In the material below, find the line containing "manta168 Great Rhino Megaways ทดลองเล่นฟรี" and output it and all lines after it exactly, through the last one, without the pictures.

**Material provided**

-------

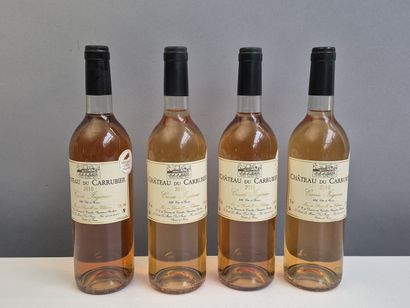 16 bottles Château du CARRUBIER 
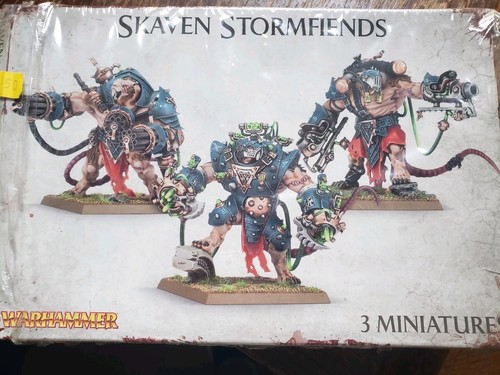 Skaven stormfiends warhammer - skaven, |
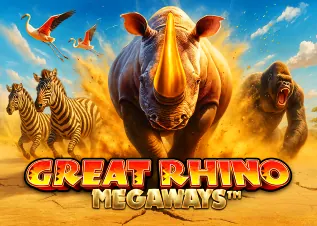 manta168 Great Rhino Megaways ทดลองเล่นฟรี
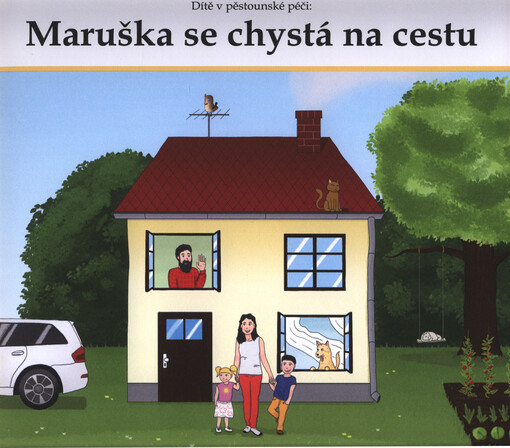Dítě v pěstounské péči: Maruška se chystá na cestu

-------

**Reply to the task**
 manta168 Great Rhino Megaways ทดลองเล่นฟรี
Dítě v pěstounské péči: Maruška se chystá na cestu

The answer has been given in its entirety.